I was silent because that was almost certainly one of the most insane things I've heard in a long time. Yes, by all means, let's risk the corruption of the git repo on the server because you didn't take time to think about what you were doing before you decided to commit it. Yeah, that's a good plan.

Better yet - let's make it part of the standard work-flow that you teach new developers. Yeah, that's a great idea. I just can't wait to start messing things up because I refuse to put forth the effort to think about what I'm doing prior to doing it.

In another meeting, one of the other developers felt that a Core Value of the new group should be that... and I quote: We all should have fun. Yeah... I don't even have to respond to this because unlink this developer, I understand the point of a public company, and that they really aren't in existence to make their employees happy - or make sure they have fun - they are in the business of making money.

I tried to say that fun is a great thing to have, but holding it up as the reason we're doing - and not doing - things is kinda crazy. That we don't have to have fun to get work done. It would be nice - but it's not necessary. Flew right over his head.

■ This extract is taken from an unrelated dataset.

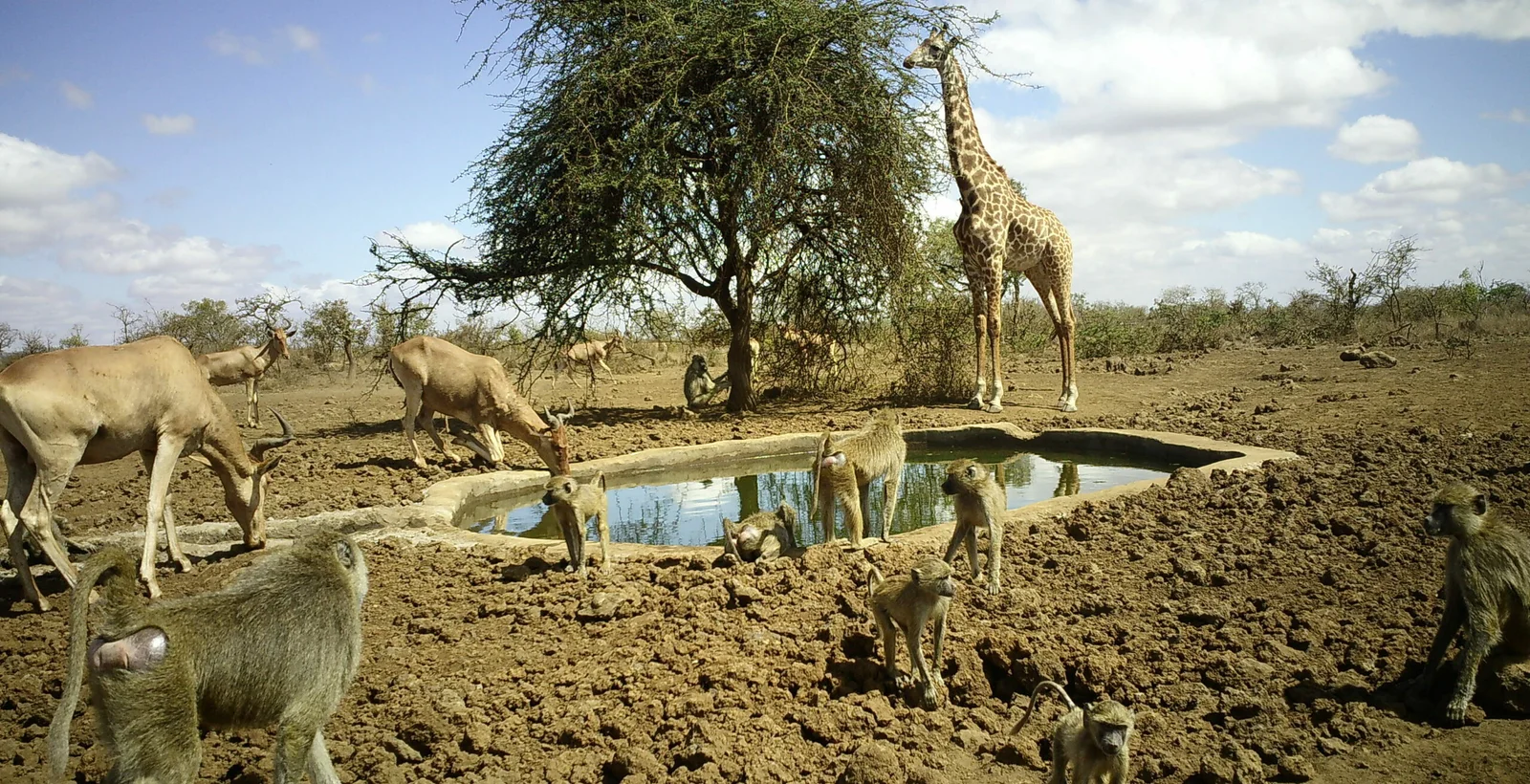 L'horaire Safarilink depuis Wilson — la plupart des hôtes de Chyulu prennent le trajet Wilson → Amboseli → Mbirikani en environ 50 minutes, les vols vers ol Donyo et Campi ya Kanzi étant inclus dans le tarif tout compris.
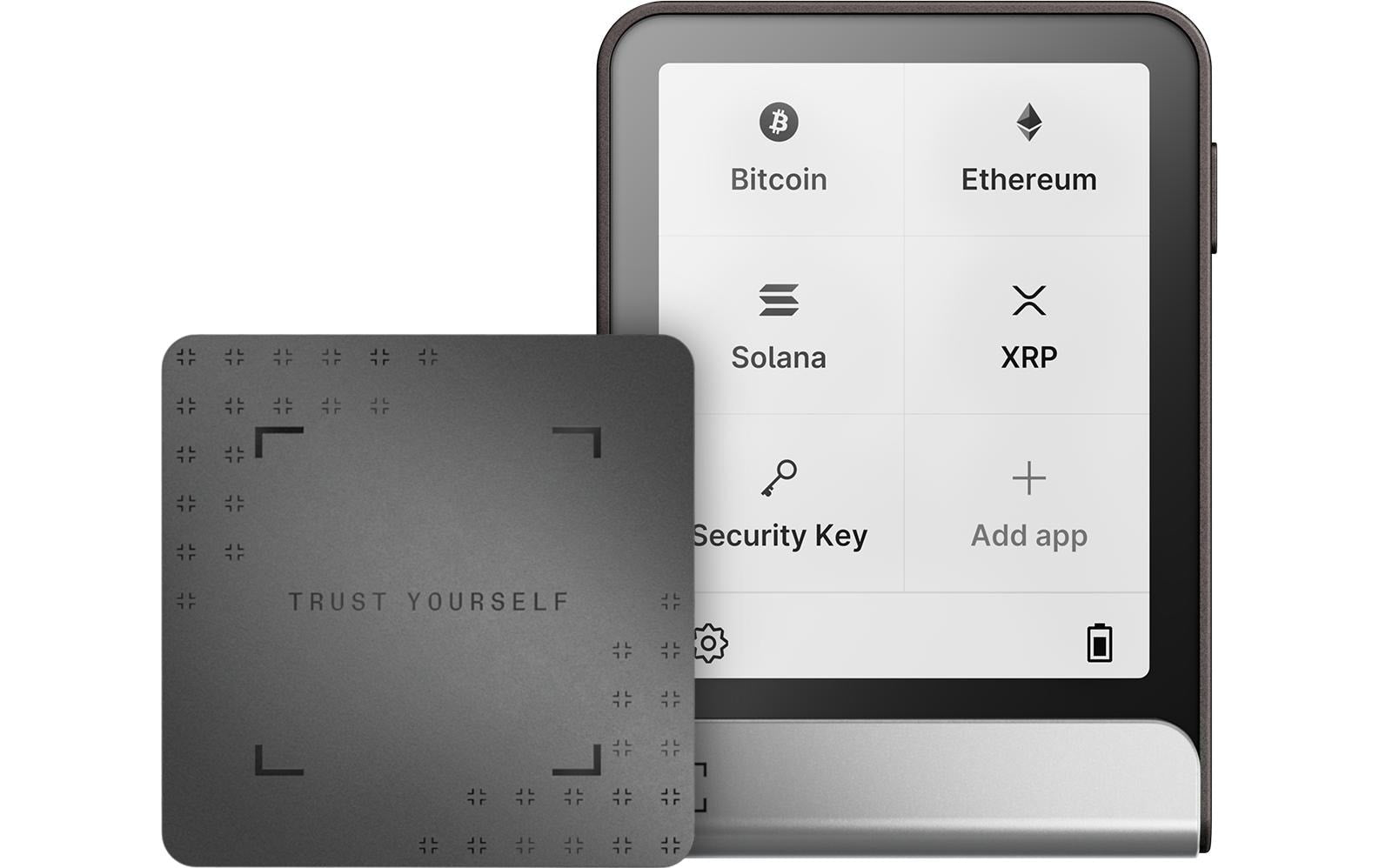 Ledger Flex Graphite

And the odd thing is that this is not a bad guy - well... I've heard he's a good guy, so I want to believe that my assessment of him to date is way off, but when he goes on about how I couldn't be more wrong... well... it's hard to give him the benefit of the doubt - or write it off to a miscommunication or something.

Nope, I'm in a group that doesn't seem to share a single value I have. They think it's acceptable risk to have git force push in their workflows, and they think that they have to have fun or they don't have to work. Wacky.

It's been hard to get things done, and if I took their lead, I wouldn't have done a thing - but thankfully, I didn't, and did a good chunk of work each day. In the end, I need off this group. I like the work, I just can't stand the management and co-workers any longer.